Geschrieben von Christian K. am 13.02.2013 22:08
HISTORISCHES

Bergungsmesser

Wer von uns Helfern solch ein Bergungsmesser hatte, stieg erheblich im Ansehen. Dolles Ding. Musste man haben.

Die Bergungsmesser gehörten eigentlich in die Tragesätze (Geräterucksäcke) A, B oder C, die auf den drei MKWs (Mannschaftskraftwagen) des Bergungszuges verlastet waren. In der Aussentasche hinten, in einem Schutzhandschuh verpackt, sollte man sie finden können. Wenn die in den Tragesätzen drin waren, waren sie aber nicht lange darin - sie wurden geklaut. Vor dem Hintergrund wurden sie eine ganze Zeit streng unter Verschluss gehalten, bis wir dann dazu übergingen die Bergungsmesser an die Helfer gegen Quittung auszugeben.
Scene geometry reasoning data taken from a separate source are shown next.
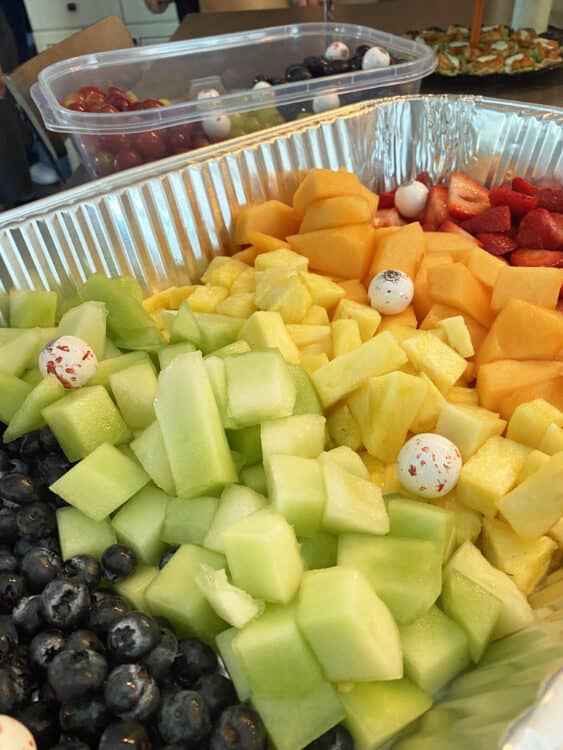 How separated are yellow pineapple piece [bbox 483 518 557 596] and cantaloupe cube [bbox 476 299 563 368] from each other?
0.34 m

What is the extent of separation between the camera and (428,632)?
32.9 inches

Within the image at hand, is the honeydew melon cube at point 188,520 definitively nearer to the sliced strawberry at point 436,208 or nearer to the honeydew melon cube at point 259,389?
the honeydew melon cube at point 259,389

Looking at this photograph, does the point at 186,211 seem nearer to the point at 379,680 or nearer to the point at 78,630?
the point at 78,630

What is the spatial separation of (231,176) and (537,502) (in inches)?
43.2

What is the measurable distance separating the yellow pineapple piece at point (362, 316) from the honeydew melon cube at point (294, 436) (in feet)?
0.97

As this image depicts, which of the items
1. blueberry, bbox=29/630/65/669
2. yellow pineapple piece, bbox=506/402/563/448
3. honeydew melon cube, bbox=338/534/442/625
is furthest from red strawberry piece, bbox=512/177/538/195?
blueberry, bbox=29/630/65/669

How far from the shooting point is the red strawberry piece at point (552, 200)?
58.7 inches

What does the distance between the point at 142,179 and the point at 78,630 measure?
105cm

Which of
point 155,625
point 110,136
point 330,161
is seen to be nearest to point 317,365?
point 155,625

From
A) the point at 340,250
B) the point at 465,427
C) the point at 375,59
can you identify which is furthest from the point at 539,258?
the point at 375,59

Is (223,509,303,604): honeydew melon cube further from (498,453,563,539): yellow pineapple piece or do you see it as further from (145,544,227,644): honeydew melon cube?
(498,453,563,539): yellow pineapple piece

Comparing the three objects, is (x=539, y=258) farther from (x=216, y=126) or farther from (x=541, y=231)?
(x=216, y=126)

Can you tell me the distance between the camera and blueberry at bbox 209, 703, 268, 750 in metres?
0.72

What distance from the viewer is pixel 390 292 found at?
4.16ft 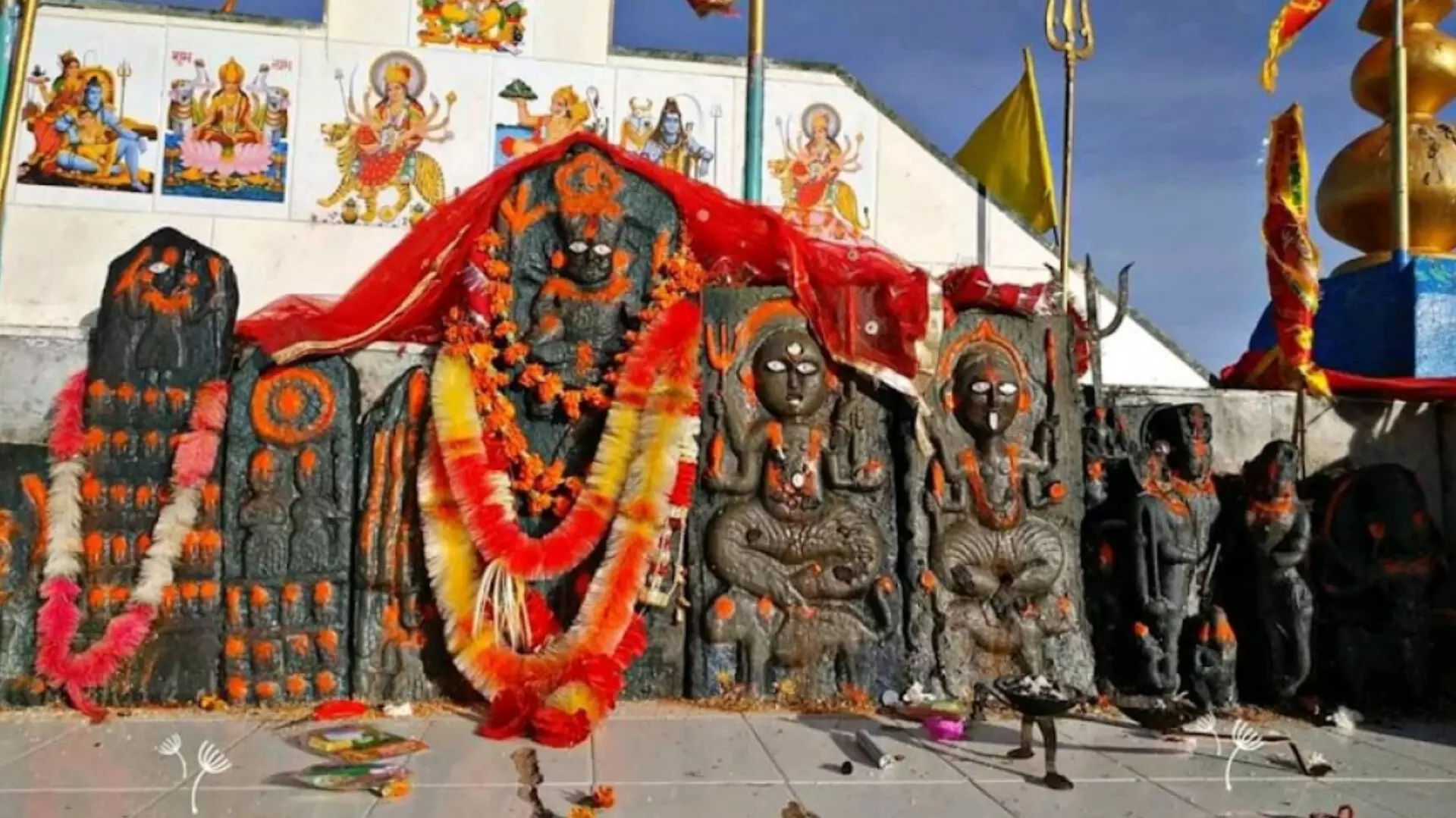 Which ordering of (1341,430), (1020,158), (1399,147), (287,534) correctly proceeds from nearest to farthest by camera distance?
(287,534), (1341,430), (1399,147), (1020,158)

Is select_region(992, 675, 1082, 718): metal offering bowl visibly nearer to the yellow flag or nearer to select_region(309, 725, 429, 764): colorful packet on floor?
select_region(309, 725, 429, 764): colorful packet on floor

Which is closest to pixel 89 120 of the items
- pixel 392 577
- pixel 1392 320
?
pixel 392 577

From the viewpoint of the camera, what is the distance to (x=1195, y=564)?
6035mm

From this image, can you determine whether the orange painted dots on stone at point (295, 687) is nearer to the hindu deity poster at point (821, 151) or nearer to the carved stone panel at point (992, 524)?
the carved stone panel at point (992, 524)

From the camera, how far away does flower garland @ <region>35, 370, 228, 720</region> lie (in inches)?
203

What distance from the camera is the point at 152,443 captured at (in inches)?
214

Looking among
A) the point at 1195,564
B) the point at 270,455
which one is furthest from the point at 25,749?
the point at 1195,564

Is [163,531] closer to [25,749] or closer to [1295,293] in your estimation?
[25,749]

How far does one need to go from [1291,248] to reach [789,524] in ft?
13.1

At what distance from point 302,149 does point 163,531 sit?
24.9 feet

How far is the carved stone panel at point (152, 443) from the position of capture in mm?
5285

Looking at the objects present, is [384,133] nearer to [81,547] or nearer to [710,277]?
[710,277]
In meiner langen Laufbahn hatte ich zwei. Ausgestattet waren sie beide gleich:
Eine Klinge mit nach unten abgerundeter, bzw. angeschrägter Spitze, ein kombinierter Dosen- / Flaschenöffner, ein Dorn zum Spleißen (Seile zusammenflechten), Stiche und Bunde (Knoten) öffnen, etc.
Man sieht es auf dem Foto kaum: Dort wo die Klinge herausgeklappt wird, befand sich noch ein stabiler Schraubendreher.
Alle Anbauteile waren von gewohnter, hoher Qualität und unkaputtbar. Die auffällig gebogene Klinge schnitt hervorragend, besonders an deren Spitze.
Mit dem Dosenöffner konnte man Autoblech schneiden. Das haben wir natürlich ausprobiert.
Einen Flaschenöffner braucht man ja nie ;-) Der Schraubendreher war oft hilfreich.
Gegen nasse, widerspenstige Knoten kam der Dorn erfolgreich zum Einsatz. Wenn der Gürtel mal nicht eng genug war, konnte man mit dem Dorn gut nachbessern.
Die Griffschalen aus irgendeinem tollen Plastik waren so stabil, dass man das Messer schon einmal unbeschadet quer als Hammerersatz benutzen konnte. Toll.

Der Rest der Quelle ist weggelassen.